• _YOUR ASSIGNMENT_
Could you repeat the whole listing below exactly, omitting any picture it holds?

• _DATA EXCERPT_
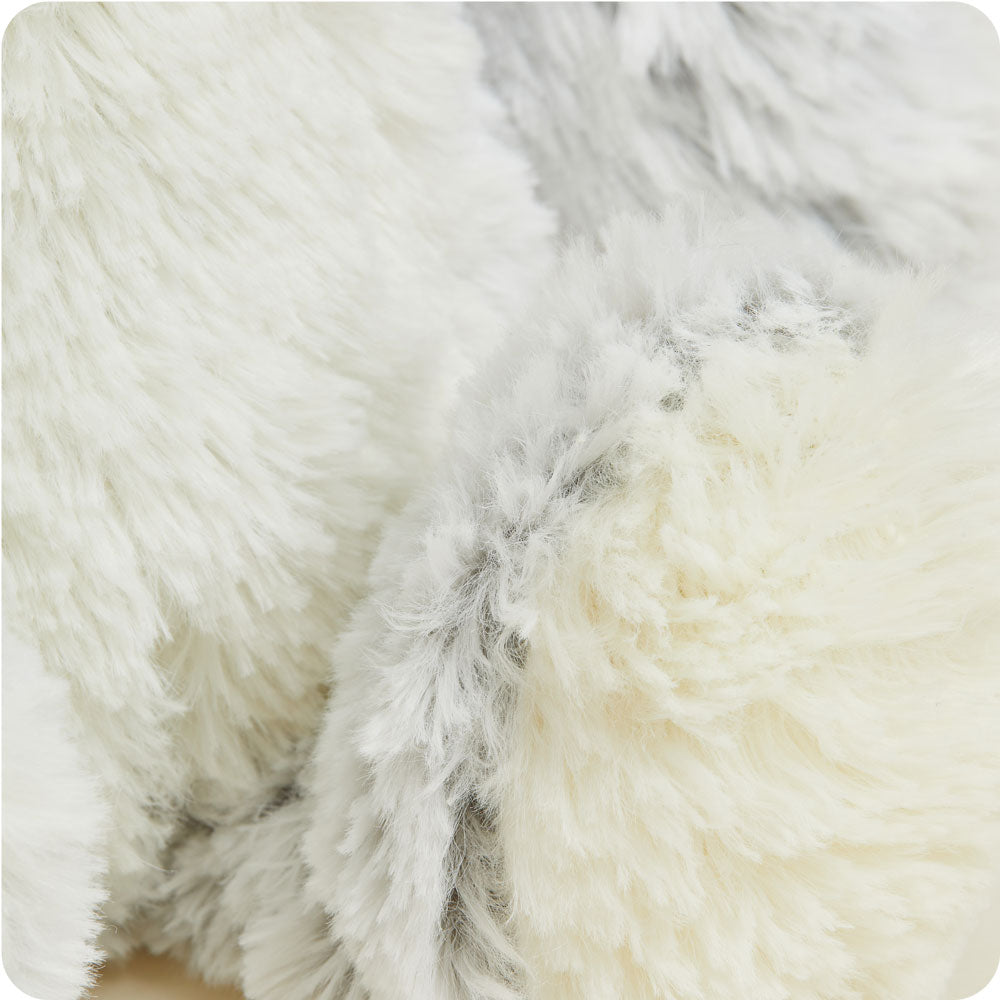 Gray Marshmallow Bear Warmies - Fresh Notes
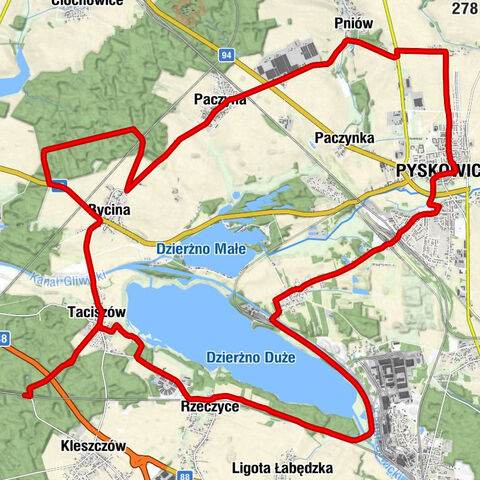 Taciszów - Kościół świętego Marcina - Pyskowice - Kościół św. Stanisława Biskupa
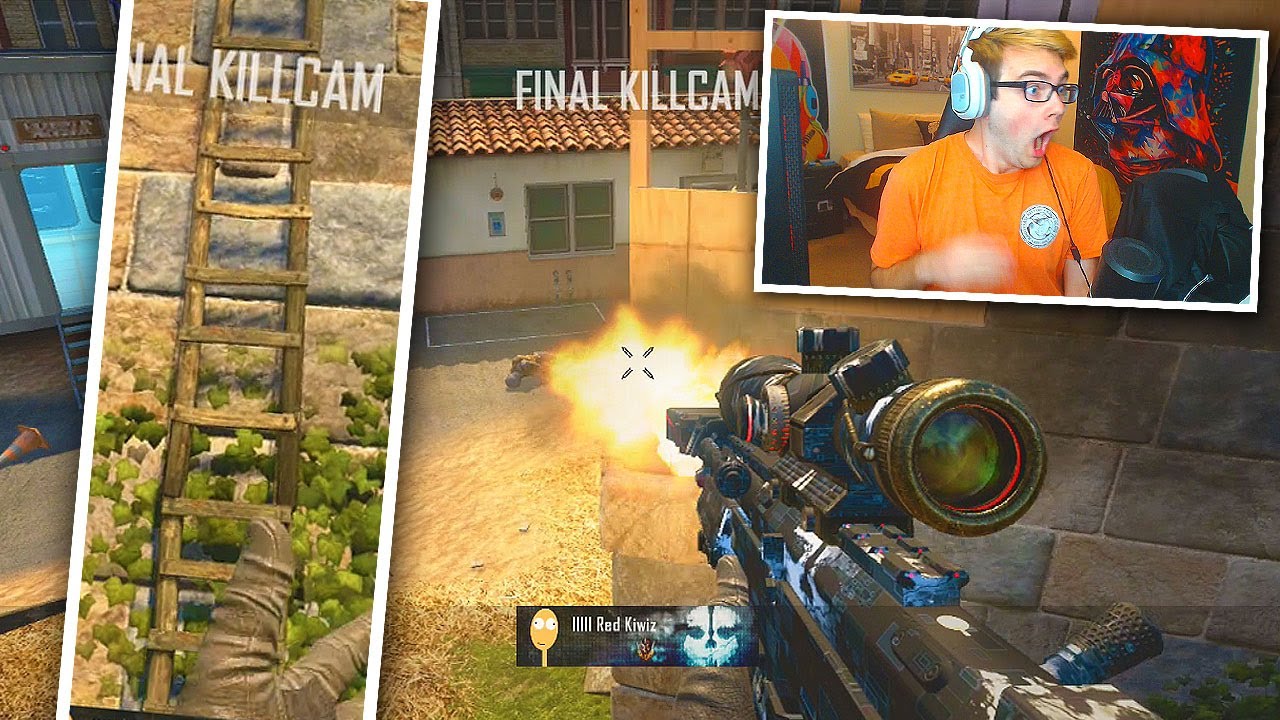 FIRST EVER REVERSE LADDERSTALL TRICKSHOT! (WTF LOL) - BO2 Trickshotting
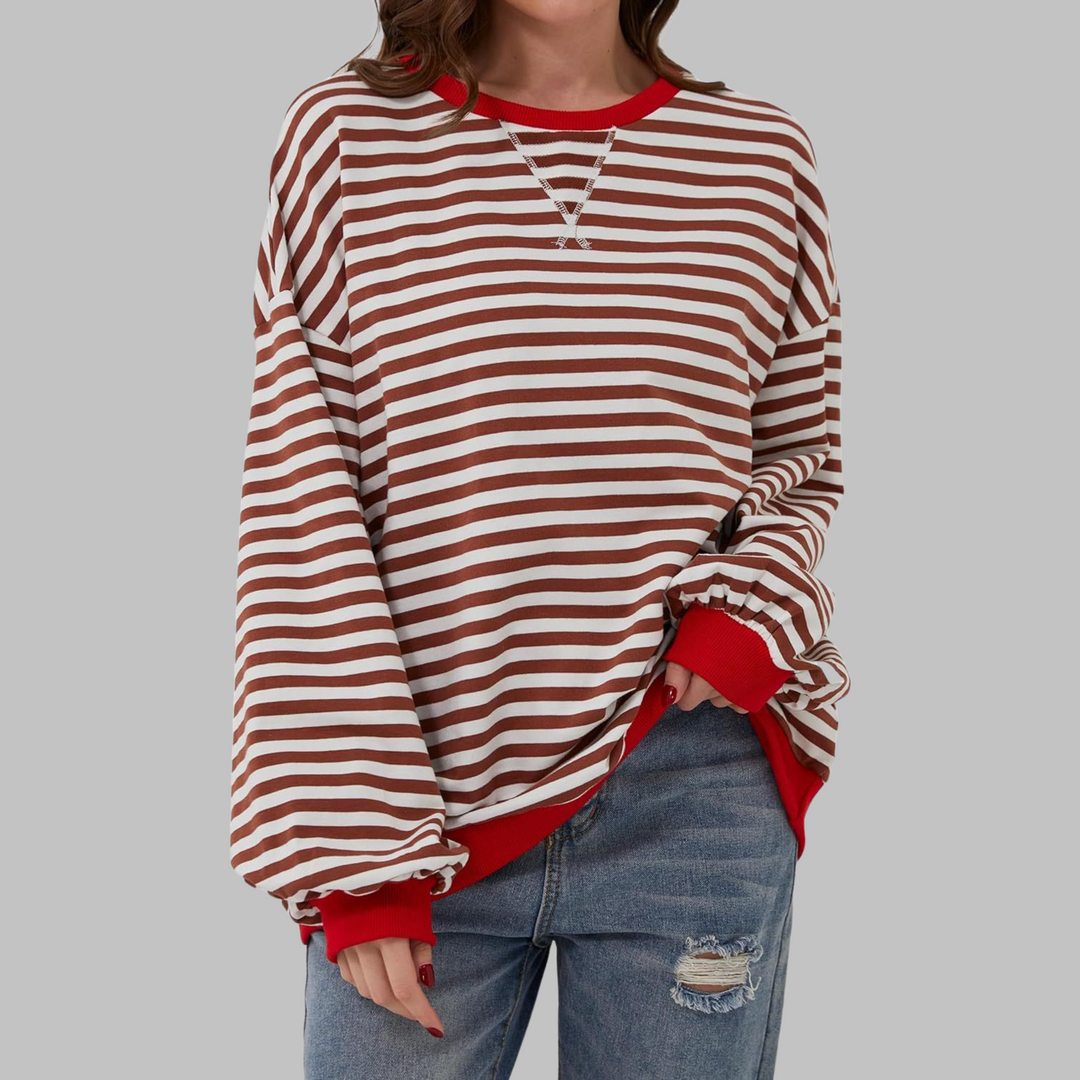 Astrid – Afslappet stribet sweater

• _RESPONSE_
 Gray Marshmallow Bear Warmies - Fresh Notes
 Taciszów - Kościół świętego Marcina - Pyskowice - Kościół św. Stanisława Biskupa
 FIRST EVER REVERSE LADDERSTALL TRICKSHOT! (WTF LOL) - BO2 Trickshotting
 Astrid – Afslappet stribet sweater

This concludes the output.